So - At this juncture, and for the forseeable future that a well-made device might be in use, I do lean towards getting as much into the firmware as on can manage. The device being able to flash itself from a file on a card, rather than requiring OS support, is nice - though it could also surface a tiny FS for the OS to write firmware files to.
It is an interesting question - but you'll notice that the vast majority of coders here have gone the firmware route, just as soon as they could manage it. The PS2 terminal boards under windows case being one of the oddball exceptions where firmware was not very viable, so a driver solution was attempted. Mind, I am _not_ happy with this state of affairs, and am working on the PS2->USB HID source again (for the teensy, USBkey, etc... and compatible)
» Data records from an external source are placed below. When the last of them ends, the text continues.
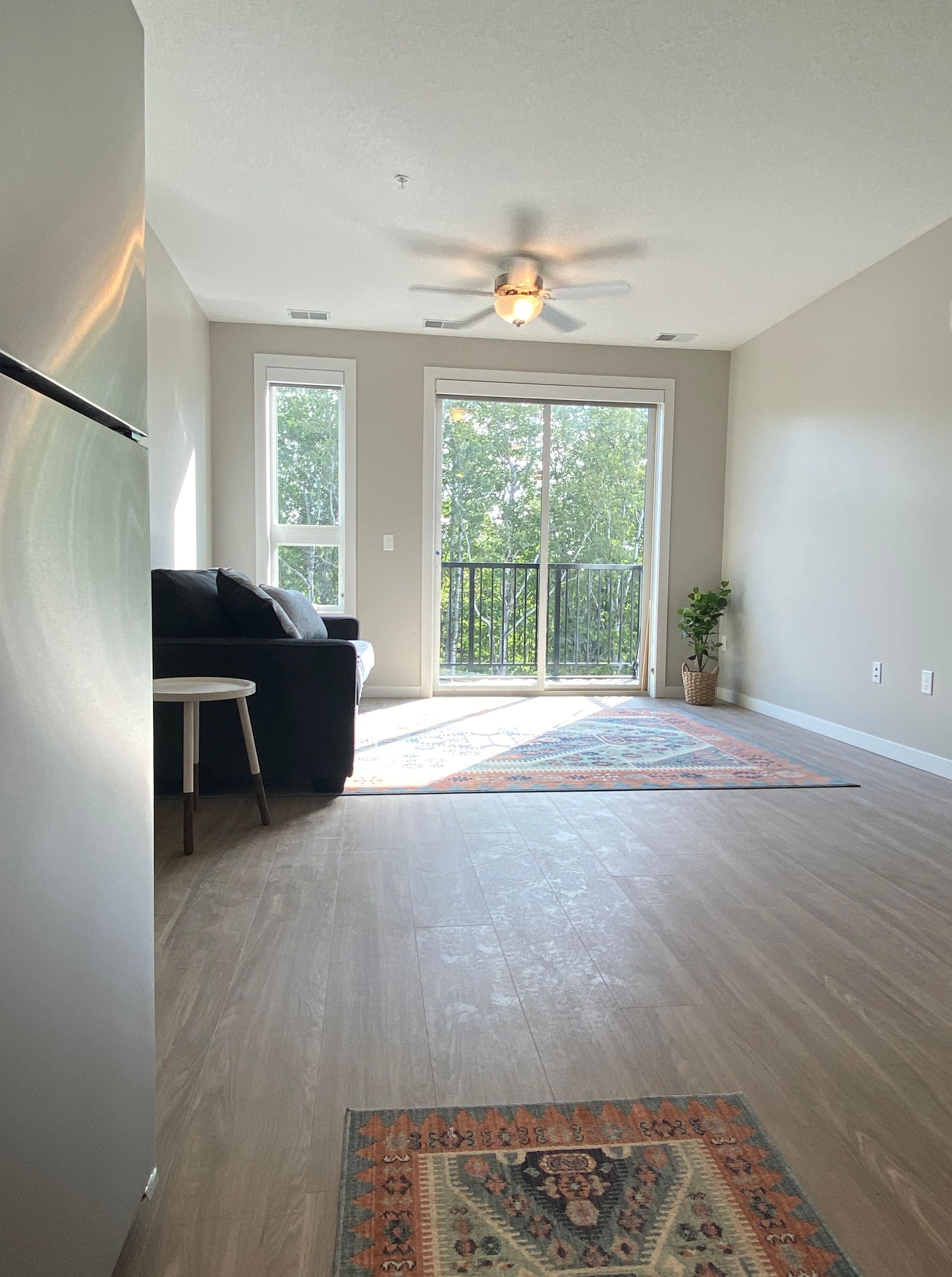 an empty living room with a couch , rug and ceiling fan .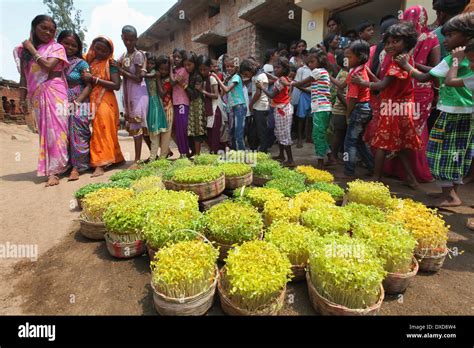 Tribal People Celebrating Karma Puja Festival With Seedlings Baludih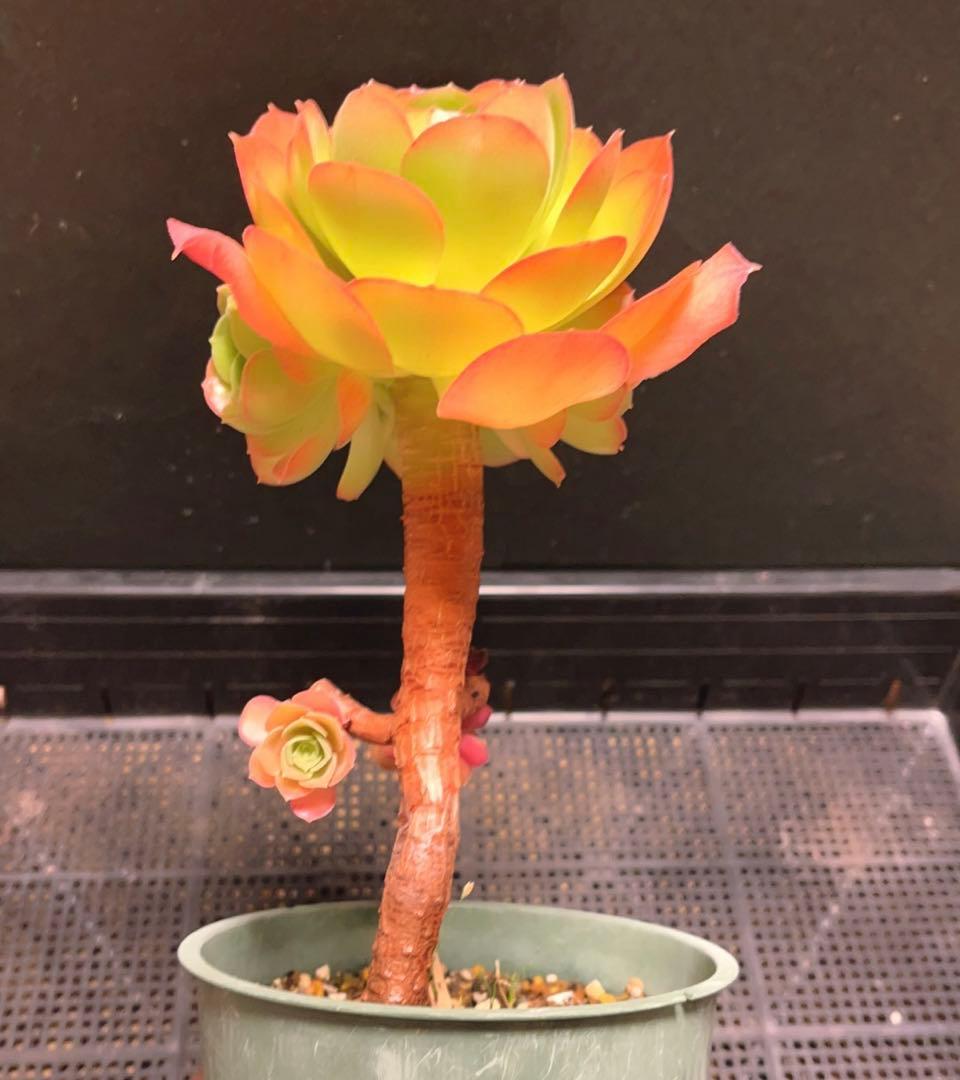 23#多肉植物アエオニウム❤️ サラダボール❤️1大頭4小頭12cm拔き苗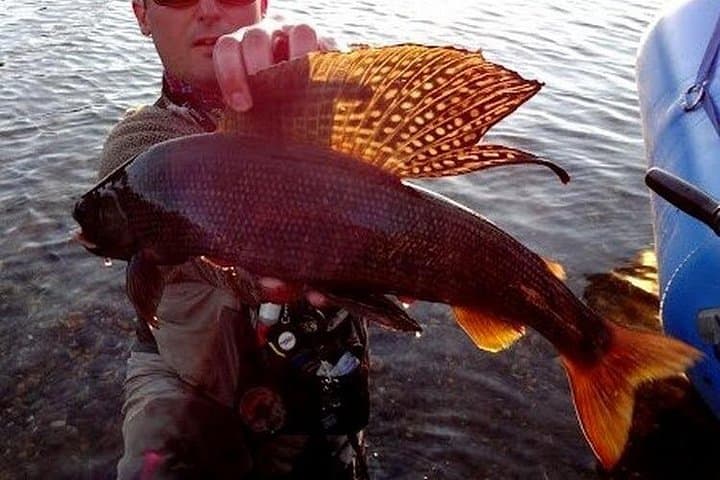 Full-Day Guided Fishing on the Chena River — Fairbanks Alaska Angling Trip photo 3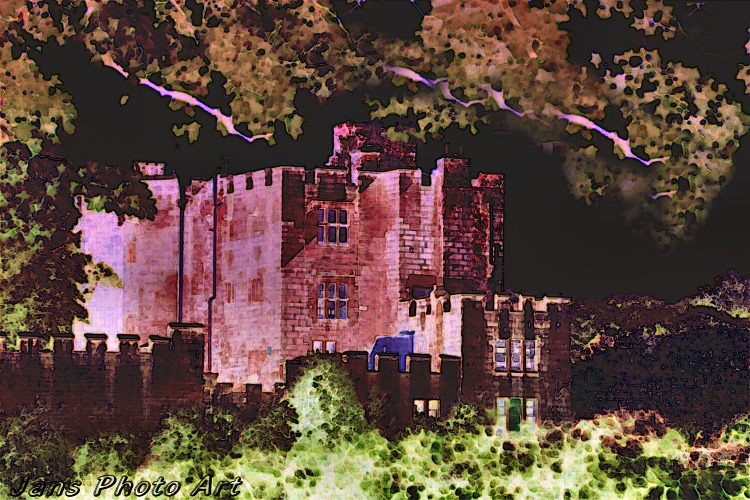 Castle Bats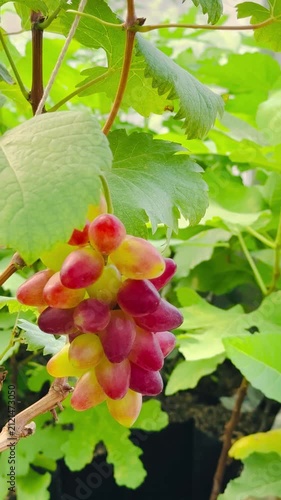 Red berries of grape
As far as a non-HID device, goes... well, that is the driver option. Might as well support the basic HID in hardware anyway, then put the rest of the goo into pass-through and hook drivers so at least the effort for each platform will be sane, albeit still high. Extra state can be exposed through the HID, still. It will merely require a bit of driver to catch it. Wont need to be a _kernel_ driver, though, so user mode drivers and programs can do the deed on most platforms. With luck, backwards compatibility will reduce the churn on rewriting the thing. Personally, I hope not to find a reason to do this, but I have terminal boards... the urge to _fill_ the thing with weird hardware and clean up my desk is tempting... it has so much space inside, and steel armor... mmmm
thanks,
dfj
PS: the PS2->USB is my current 'main project' so it should be up in a rough form soon. First for the USB avrs, then hopefully for some of the others.